Um bombeiro de 41 anos de idade, chamado Worther, queixou-se apenas de dores nas pernas. “Hey Doc! Tem de me arranjar a perna. Estávamos na primeira história a tentar voltar ao quarto principal quando percebi que o fogo tinha começado na cave. Antes de dar por isso, fiquei preso lá em baixo debaixo de uma viga”. O médico, que estava na fogueira, relatou que o Sr. Worther esteve nas chamas durante 3 minutos antes de ser extraído. O primeiro a responder ao Dr. Sachem disse-lhe que havia algo mais que não podia ser dito.

Os médicos tinham removido grande parte da roupa queimada do Sr. Worther no caminho; quando a equipa de trauma abriu os cobertores, a pele foi arrancada com o pano e grande parte do seu corpo tinha um brilho branco. A perna direita do bombeiro tinha uma fractura composta do fémur e estava queimada de preto. A sua mão esquerda, ombros e rosto foram poupados, mas a sua boca e barba estavam cheias de fuligem. O Dr. Sachem calculou que as queimaduras de plena espessura cobriam 85 por cento do corpo do Sr. Worther e suspeitou de inalação de fumo significativa. Recordou um caso trágico na sua residência quando a equipa da UCI não conseguiu acompanhar as perdas de líquidos de um doente gravemente queimado e o doente morreu após 3 semanas num ventilador. Isto era o que o médico tinha vindo a dizer com os olhos. Mas esforços recentes no seu centro de queimaduras sugeriram que a paciente poderia ter 10% de hipóteses de sobrevivência.

Depois de ela lhe ter falado da extensão das queimaduras, o bombeiro perguntou seriamente: “Vou conseguir, Doutor? O Dr. Sachem respondeu: “Vamos colocar uma linha central para lhe dar fluidos e vamos preparar-nos para o entubar porque em breve terá dificuldade em respirar por si próprio”. Ao montar o seu equipamento, o paciente pediu aos seus colegas que abandonassem a sala. Ele olhou o Dr. Sachem nos olhos e disse-lhe claramente: “Já vi a minha parte de mortes por queimaduras e sei para onde isto se dirige. Por favor, deixem-me morrer”. Basta dar-me algo para eu não sentir nada, mas não me deixe viver”

Comentário

p> Um dos maiores dilemas para os médicos de urgência ocorre quando um paciente recusa o tratamento médico necessário para sustentar a vida e a saúde. Quando pacientes necessitados recusam explicitamente o tratamento de emergência que sustenta a vida, o médico deve escolher entre as opções indesejáveis de renunciar ao tratamento benéfico e forçar o tratamento a um paciente competente mas pouco disposto, ambas as quais têm potenciais consequências éticas e legais. O “privilégio de emergência” não permite aos médicos tratar doentes competentes com condições de emergência que recusam tratamento; mas como se avalia a capacidade de decisão de um doente ferido?

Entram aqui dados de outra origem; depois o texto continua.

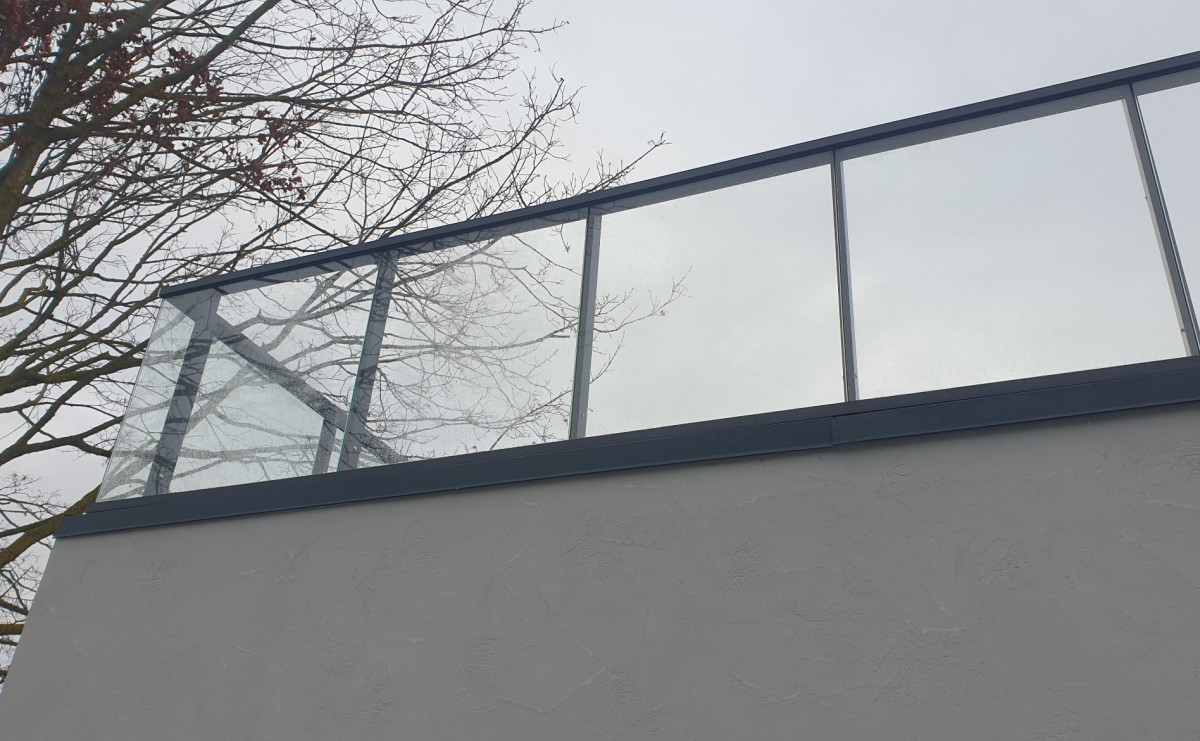 Glastec stiklas, MB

No caso apresentado acima, o Sr. Worther sofreu queimaduras de plena gravidade em mais de 85% da sua superfície corporal total, lesão por inalação, e um fémur fracturado. A maioria dos médicos argumentaria que estas lesões não são compatíveis com a vida. No entanto, no cenário de emergência, podemos certamente prolongar a sua vida, impedir a morte iminente, e aumentar a probabilidade de sobrevivência, iniciando o tratamento imediato com fluidos intravenosos e suporte ventilatório. Isto dará pelo menos tempo para uma avaliação completa e, talvez, para um prognóstico mais preciso. Mas o Sr. Worther está a recusar este tratamento que sustenta a vida. Com base nestes factos, precisamos de determinar se ele tem ou não capacidade de decisão e, em caso afirmativo, se compreende as consequências da recusa de tratamento.

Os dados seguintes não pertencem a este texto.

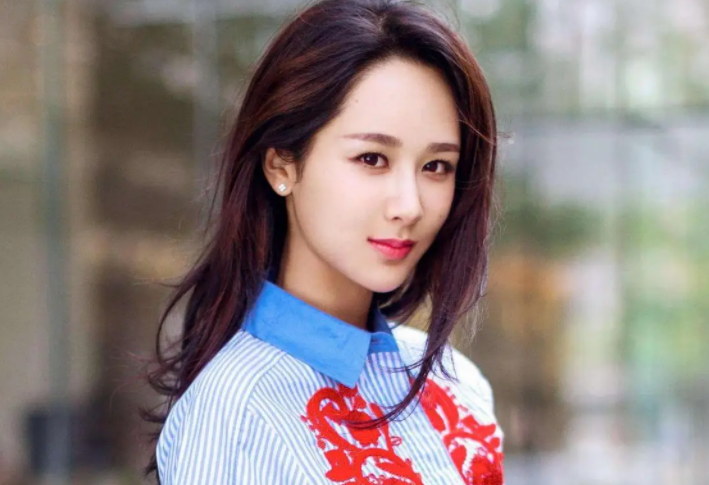 杨紫|杨紫,这丫头智商是真高,而且不显山不露水水深流缓有涵养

Capacidade de decisão (DMC) existe ao longo de um continuum, referindo-se à capacidade de um paciente tomar uma decisão específica num momento específico; não é uma determinação global. “A capacidade de decisão médica está presente quando o paciente é capaz de compreender informações sobre a condição médica e as suas consequências, de raciocinar e deliberar sobre as várias escolhas, de fazer uma escolha consistente com os seus valores e objectivos, de comunicar esta escolha ao médico, e de manter esta escolha consistentemente ao longo do tempo” .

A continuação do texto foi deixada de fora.